Journal of Consumer Research, 2014, vol. 41, issue 4, 995 - 1014

Abstract: From outrage at corporations to excitement about innovations, marketplace sentiments are powerful forces in consumer culture that transform markets. This article develops a preliminary theory of marketplace sentiments. Defined as collectively shared emotional dispositions, sentiments can be grouped into three function-based categories: contempt for villains, concern for victims, and celebration of heroes. Marketplace actors such as activists, brands, and consumers have a variety of motives and methods for producing and reproducing sentiments. Activists plant, amplify, and hyper-perform sentiments to recruit consumers and discipline institutions. Brands carefully select, calibrate, and broadcast sentiments to entertain consumers and promote products.

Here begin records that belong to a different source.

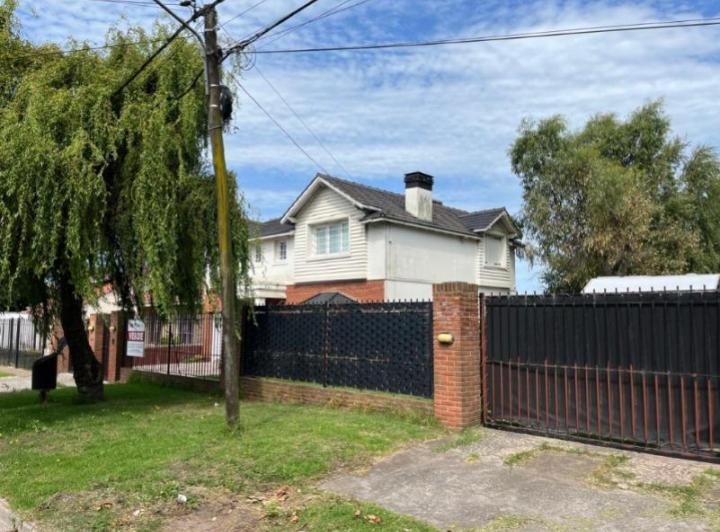 Terreno · 406m²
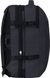Рюкзак для ноутбука Airon Bagland Ганновер 901169 19" Black (4821784622184)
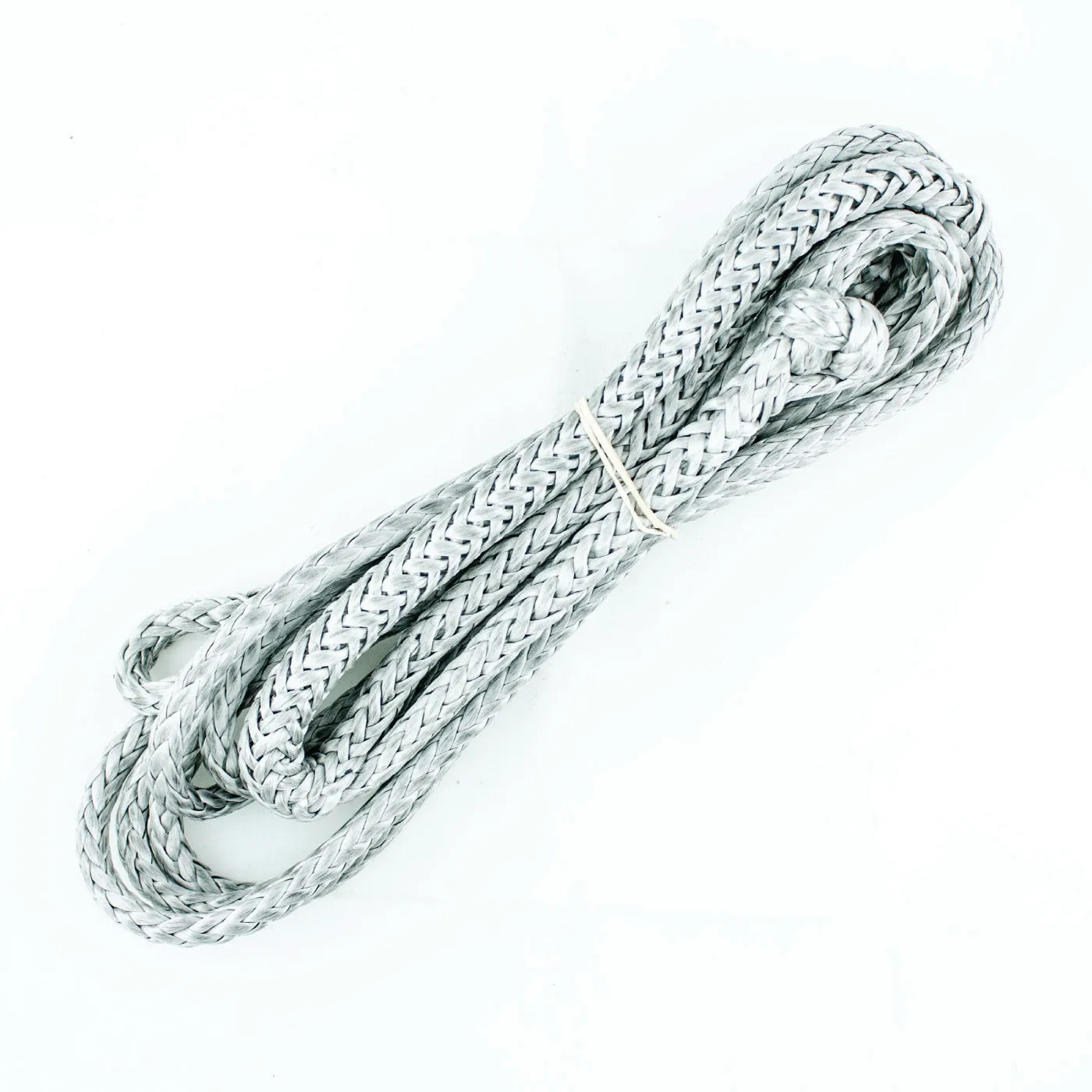 6mm Whoopie Sling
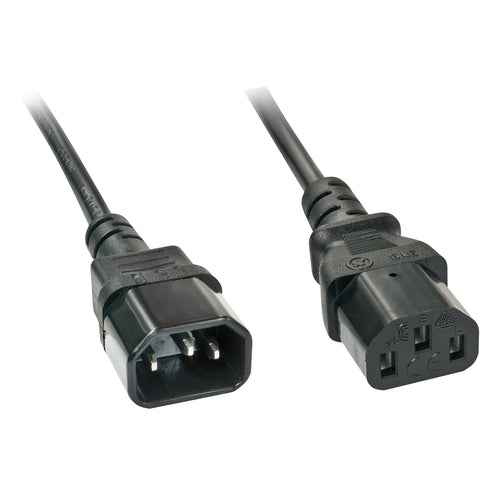 Lindy 30333 power cable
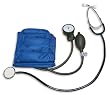 Microlife AG1-20 Aneroid Blood Pressure Kit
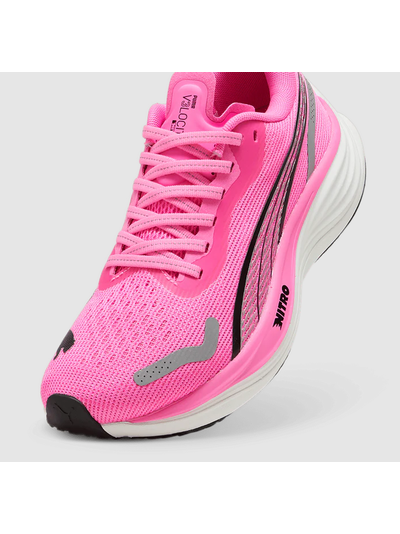 Puma Velocity Nitro 3 Poison Pink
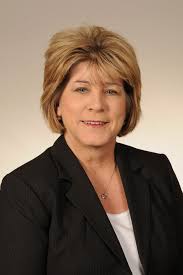 Boles Funeral Homes & Crematory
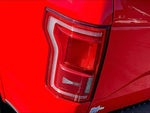 2016 F-150 Thumbnail 32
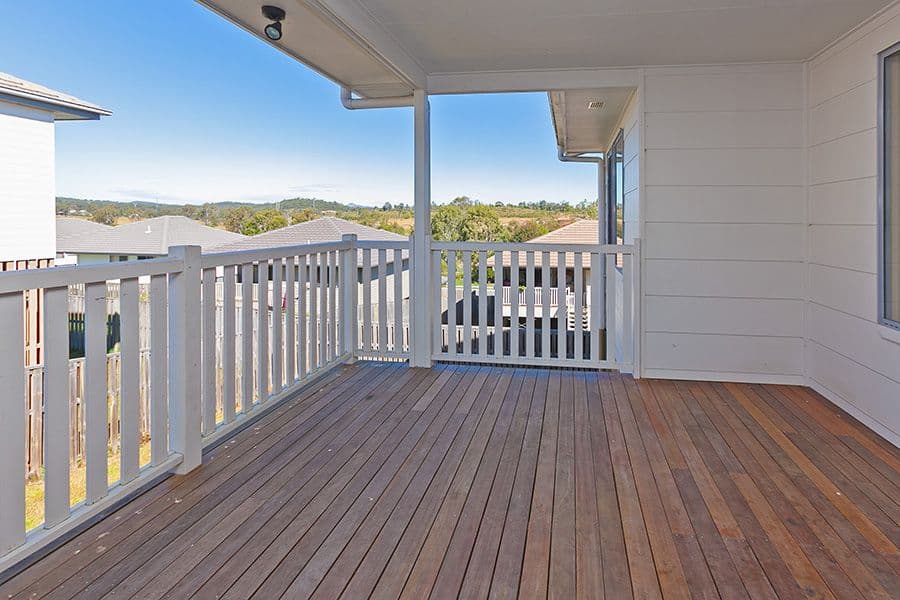 17 Harold Reinhardt Drive, Redbank Plains QLD 4301, Redbank Plains - Thumbnail 8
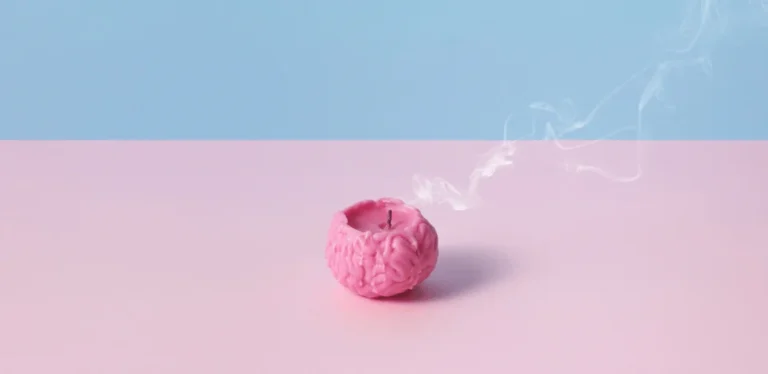 Kokia yra tikroji alkoholio žala smegenims? Kaip apsisaugoti?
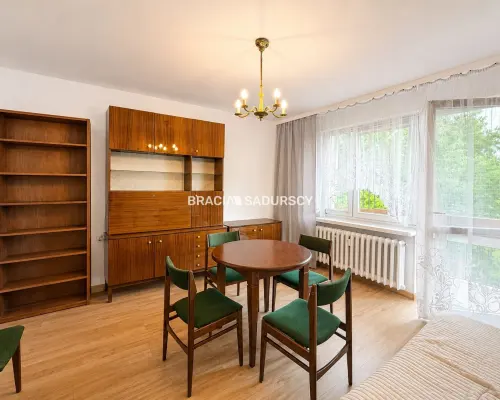 3-pok, os.Podw. balkon, osobna kuchnia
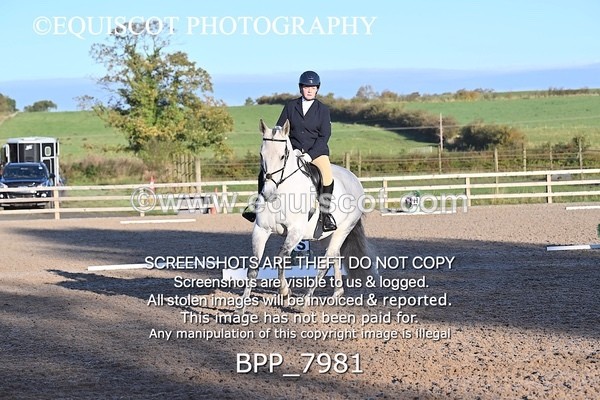BPP_7981 - LONG ARENA PRELIM 4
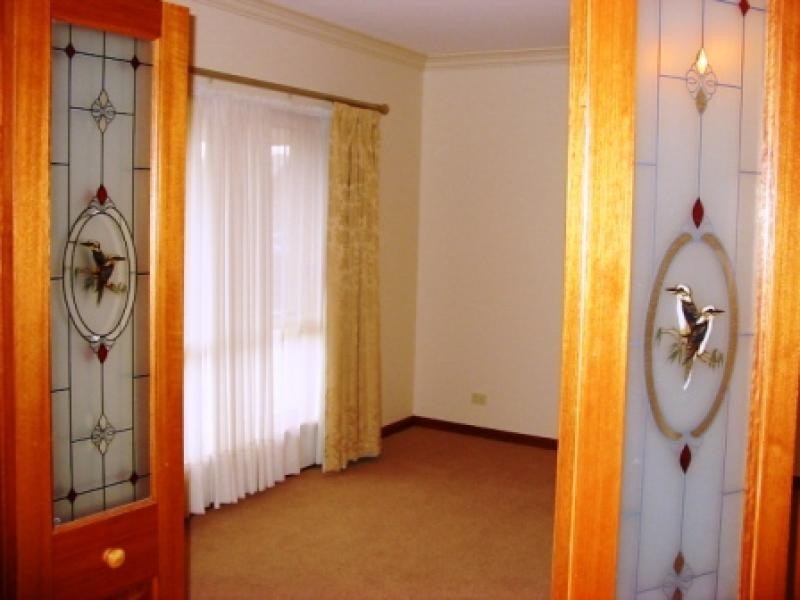 7 Nardoo Court, Renmark SA 5341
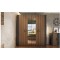 Schlafzimmer Set Dona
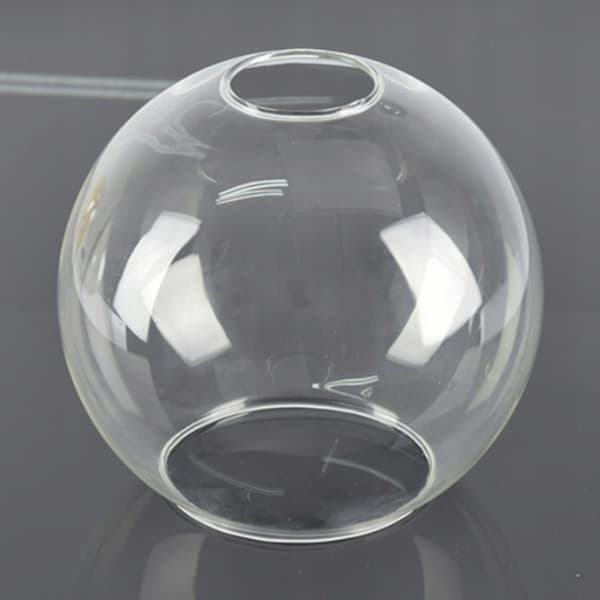 Loftlampe 3xE27 EVIE SORT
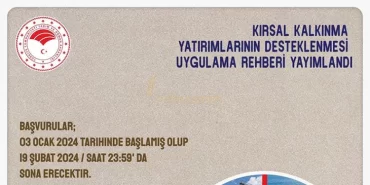 alucra-gazetesi-alucra-haberleri-giresun-haberleri-kirsal-kalkinma-basvuru-rehberi-yayimlandi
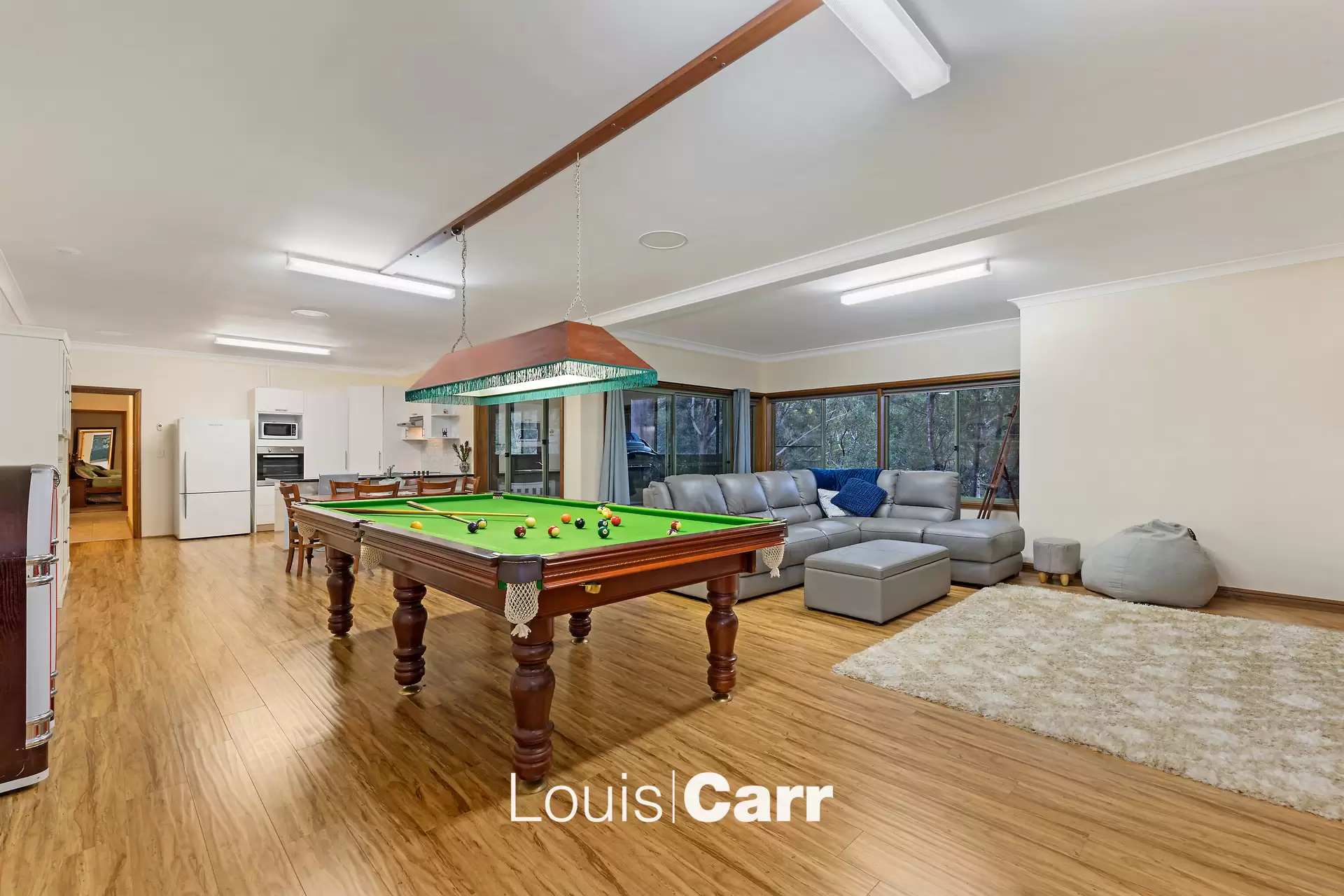 18 Sylvan Grove, Glenhaven Auction by Louis Carr Real Estate - image 17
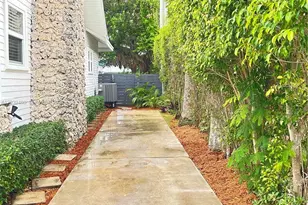 2434 SW 15th St, Miami, FL 33145 - Photo 37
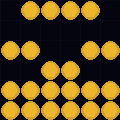 149.5.228.140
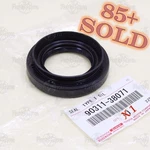 90311-38071 New Genuine Toyota Lexus IS250 Rear Differential Axle Shaft Oil Seal. Fixed Price $20.25.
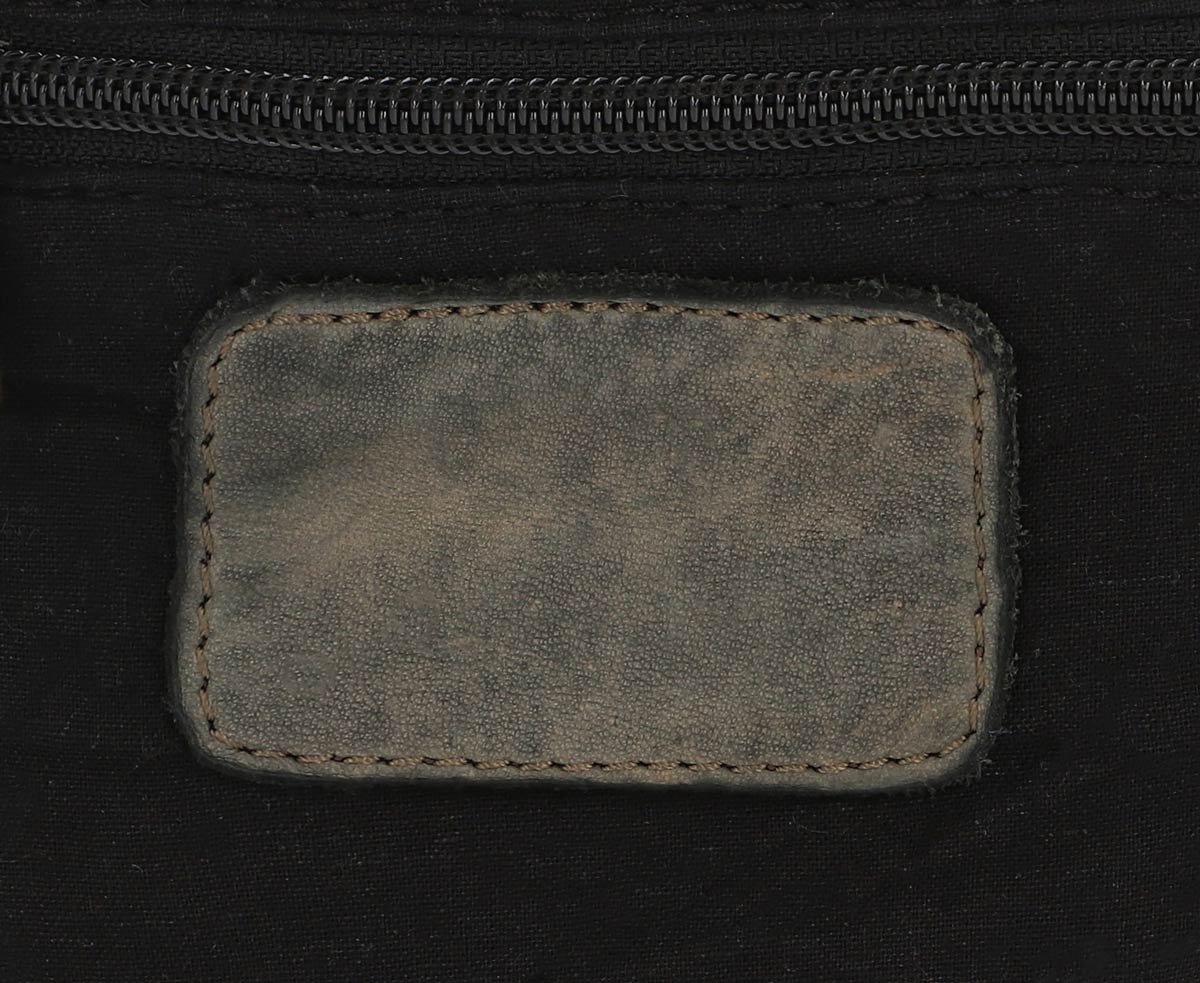 Outlet Skuldertaske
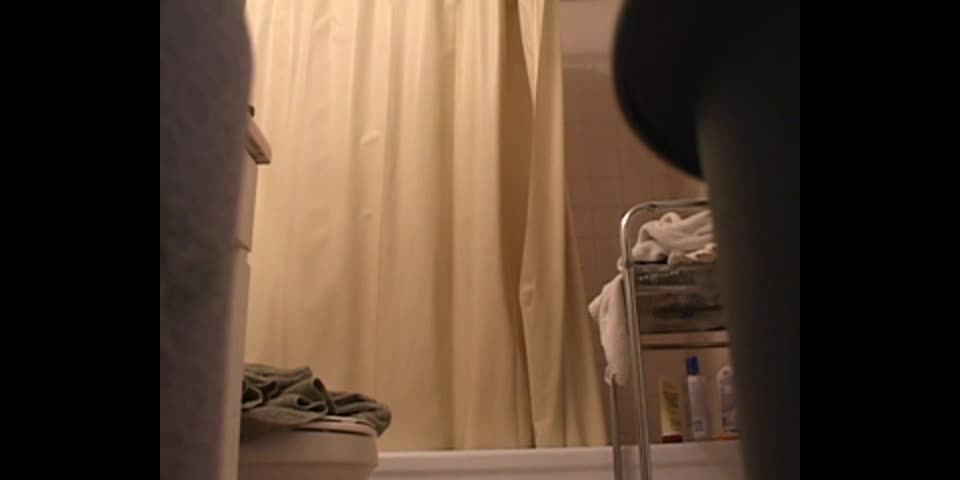 Shower bathroom 1378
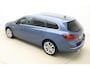 Opel Astra Sports Tourer 1.4 Turbo Sport + | Climate control | Navigatie pakket | AGR stoelen | Stoel en stuurverwarming | Xenon koplampen | Dealer onderhouden |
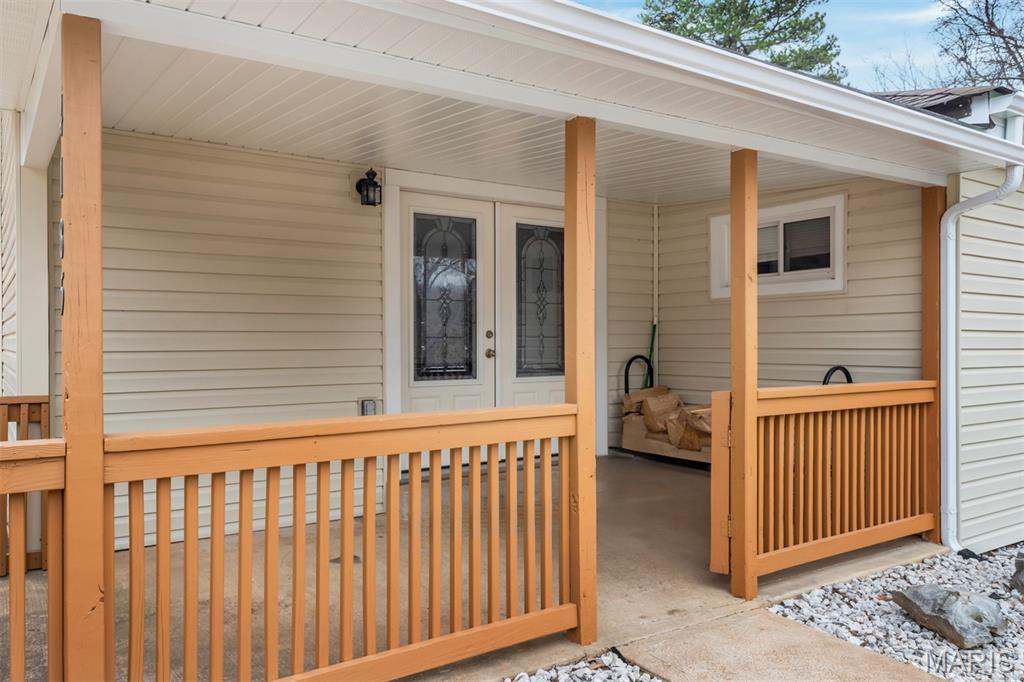 4185 Glendale Road House Springs, MO 63051 - Photo 3 of 65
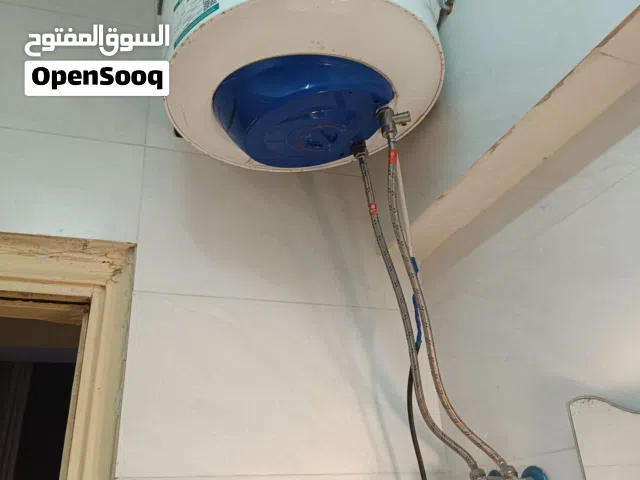 سخان كهربائي الجزيرة للبيع 30 لتر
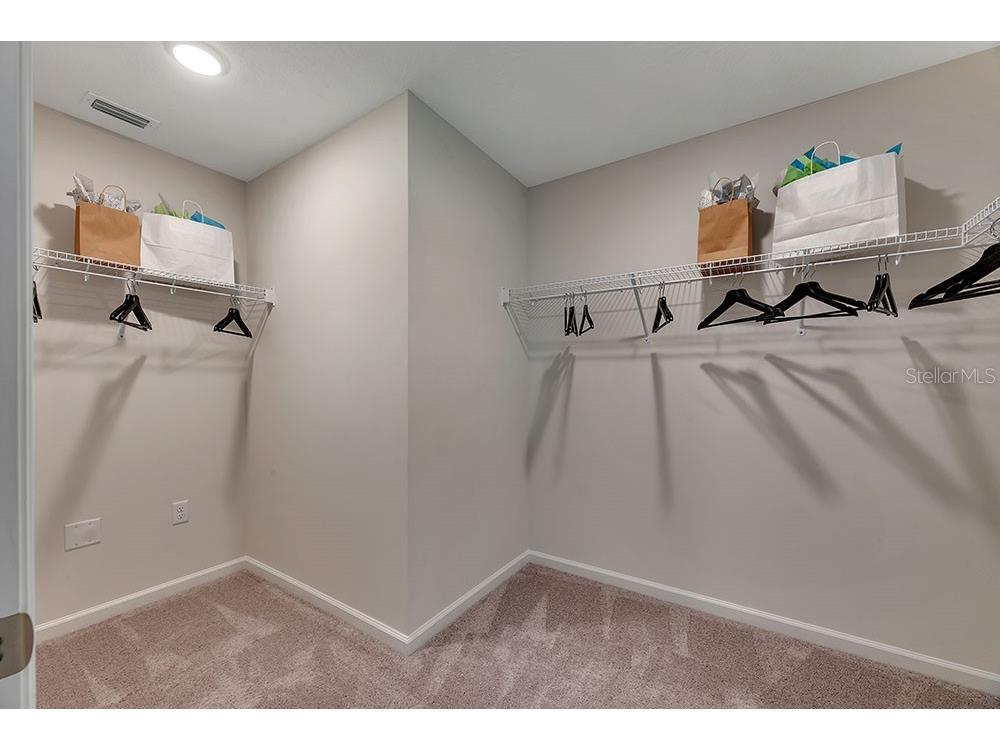 11740 Blackbrook Court Seffner FL 33584 O6359605 image8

Consumers learn, experience, and communicate sentiments to commune and individuate in society. The emergent theory of marketplace sentiments (1) advances a sociocultural perspective on consumer emotion, (2) elevates the theoretical significance of emotional observations in cultural studies, (3) offers a sentiment-based understanding of the power of ideology, (4) indicates how activist sentiments can paradoxically benefit from brand co-optation, and (5) calls for human input in big data sentiment analysis. More broadly, the article proposes that cultures are systems of discourses, sentiments, and practices wherein discourses legitimize sentiments and practices, sentiments energize discourses and practices, and practices materialize discourses and sentiments.